In front of a national audience, the fire burned bright. Trailing 17-3 early in the second quarter based off of poor execution by the offense and special teams, Wisconsin flipped the switch and got back to basics, holding Nebraska scoreless for 41 minutes, 18 seconds of game time, allowing Wisconsin offense to score 56 straight points in a 59-24 pummeling of No.11 Nebraska.
“The defense, after getting some bad field position, they fought the turnover scenarios, kept on battling through that, which was great to see, and then just basically shut them down,” head coach Gary Andersen said. “This team keeps growing and developing, and they made some nice plays.”
Those plays included winning the turnover battle, as Wisconsin (8-2, 5-1 Big Ten) enjoyed its best turnover performance of the season after forcing four fumbles and one interception. That helped limit Nebraska – which averaged over 40 points and 490 yards per game – to 24 points and 180 yards.
“It’s just a great feeling,” junior linebacker Joe Schobert said. “Those turnovers have been especially big because we hadn’t gotten a lot of those so far this year. And those opportunities presented themselves today, so it was great overall team defense. Everybody was making plays the whole time.”

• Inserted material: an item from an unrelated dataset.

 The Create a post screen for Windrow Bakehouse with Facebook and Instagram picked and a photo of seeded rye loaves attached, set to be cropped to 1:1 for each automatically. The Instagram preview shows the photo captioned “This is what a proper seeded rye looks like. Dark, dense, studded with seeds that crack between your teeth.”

“I can’t say enough how we handled that adversity,” sophomore linebacker Vince Biegel added. “Being down 17-3, and to go out there and get those turnovers for our offense (to) put them in those situations, put them in the driver’s seat. I think that was the difference.”

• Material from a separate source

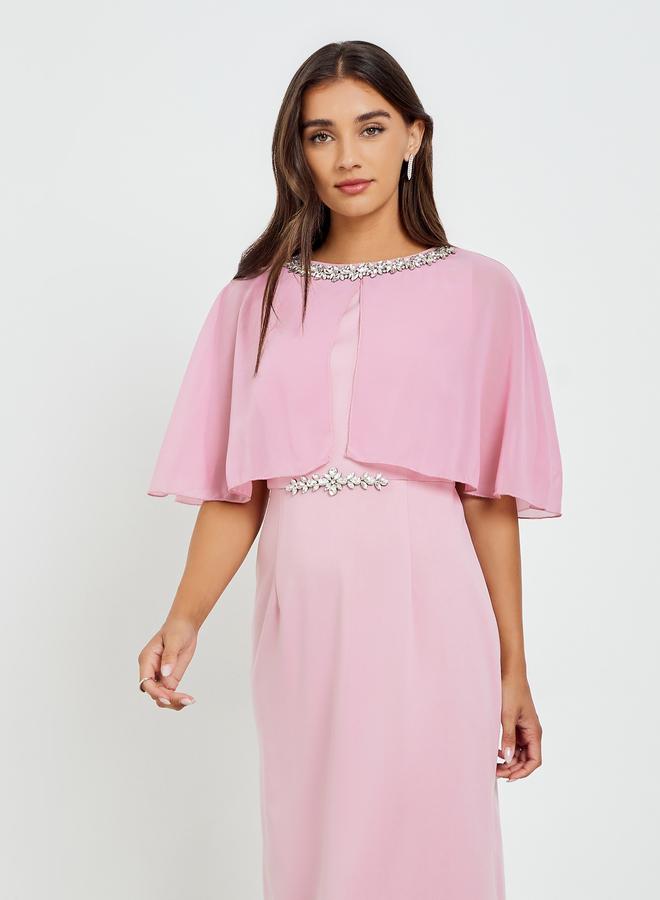 ستايلي فستان ميدي شيث بأكمام كيب - Image 2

The Badgers scored 28 points off the Cornhuskers’ turnovers and made running lanes hard to find for quarterback Tommy Armstrong and tailback Ameer Abdullah after halftime. Abdullah finished with 69 yards after gaining 61 in the first half. The country’s all-purpose yards leader, Abdullah finished with only 95 yards.
“We definitely feel like we’re one of the best defenses in the league,” Trotter said.
Armstrong – yet another dangerous dual-threat quarterback in the Big Ten – was shut down after giving Nebraska a 10-0 with a touchdown pass to Kenny Bell, who was wide open after a blown coverage.
The Badgers would allow a rushing touchdown to Armstrong in the second quarter off a read-option, but the Cornhuskers’ passing efficiency stopped. The self-proclaimed “Chevy Bad Boys”—nicknamed by Biegel that includes him, Landisch, Schobert and Trotter – held strong to their reads and lanes after sputtering at first.
Biegel notched five tackles and two for loss, Trotter had 12 tackles, a sack and a fumble recovered, Schobert had 11 tackles (two and a half tackles for loss) and a fumble recovery, and Landisch added 10 tackles.
With constant pressure from all angles, Armstrong looked flustered, finishing 6-for-18 with 62 yards and an interception, including completing just 1-of-10 in the first half.
“That was the best game I’ve ever been a part of,” said Biegel. “With the snow falling down there in the second half and the great crowd environment at Camp Randall and it was the Freedom Trophy game. I just couldn’t say enough about it, I’m extremely blessed by my team.”
Lowering its total defense average to 244.1 yards per game, it appears Wisconsin’s group of nobody’s is legitimate after all.
“We’re a bunch of two-star guys, a bunch of guys who may not be good individually, but when you put us together on a defense, we have so much camaraderie,” said Landisch. “We play so hard for each other. I know I can count on the guy next to me and that’s what team defense is all about.”